The Gist - This case-control study of 127 football players between 12 and 18 wanted to see just what factors lined up with Osgood-Schlatter and they were quite surprised (and so was I). They took flexibility, strength, ultrasound imaging, growth and history of Sever’s disease into account and found that only Sever’s could predict the likelihood of contracting OSD. Throughout the course of the study, one in six of the players had symptoms consistent with OSD, but 80% of them were able to continue participating in full team training and competition. Overall, 68% of people who had Sever’s previously contracted OSD, though no clear pathophysiological explanation for the correlation was found. And for a refresher, Sever’s is common between the ages of 8 and 12, while OSD usually comes it at 10-15.

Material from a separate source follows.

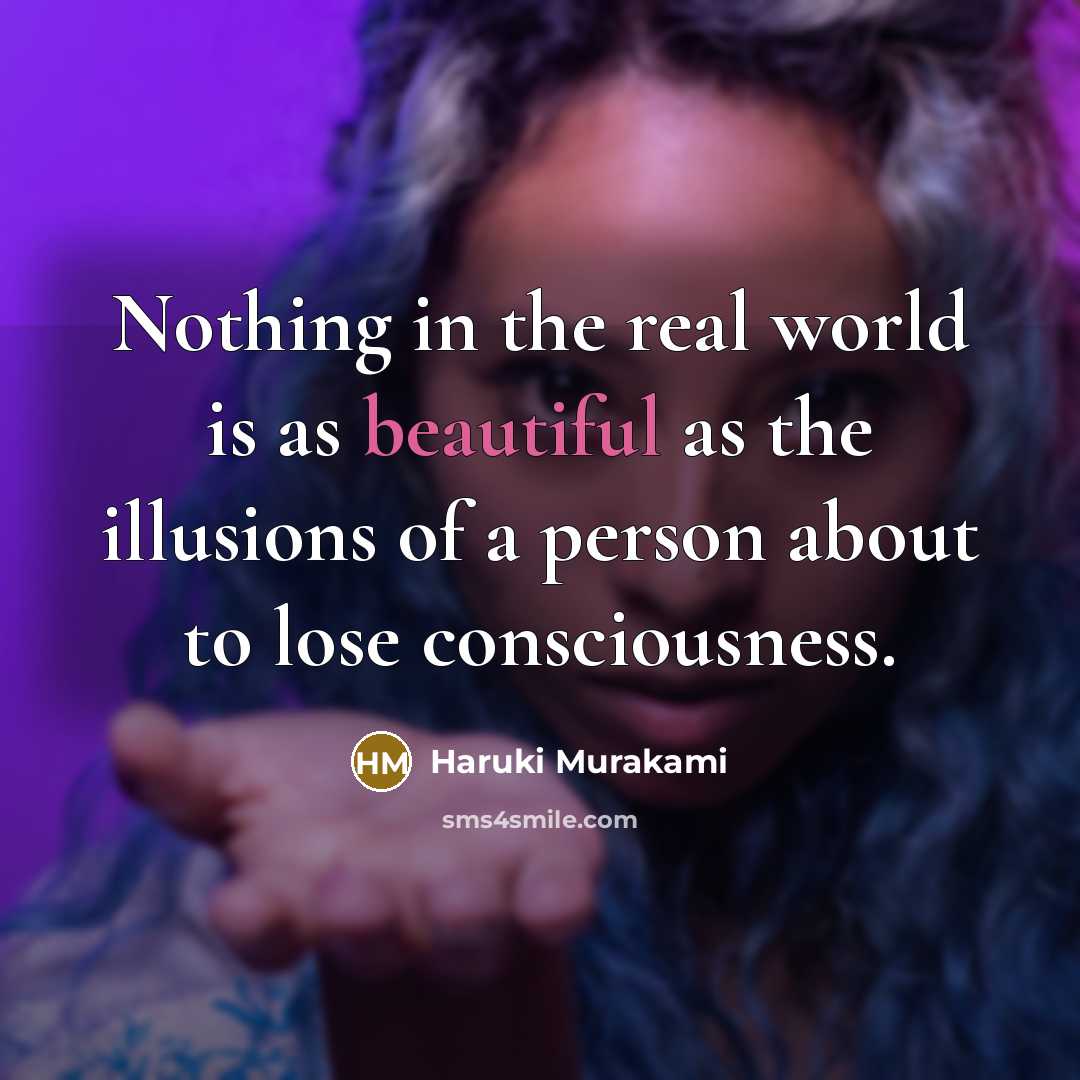 “Nothing in the real world is as beautiful as the…” quote by Haruki Murakami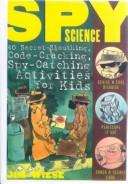 Cover of: Spy science: 40 secret-sleuthing, code-cracking, spy-catching activities for kids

Tell Me More - When I was a kid, I had Osgood-Schlatter and played through it as well. The only participation restriction it cast on me was an inability to kneel in church. In my 12 year old, mind, not a huge loss. It seems that this is a similar experience to others who have the condition, with 80% playing on through it. The overall prevalence in the population was 17%, btw, with a peak at 15 years of age.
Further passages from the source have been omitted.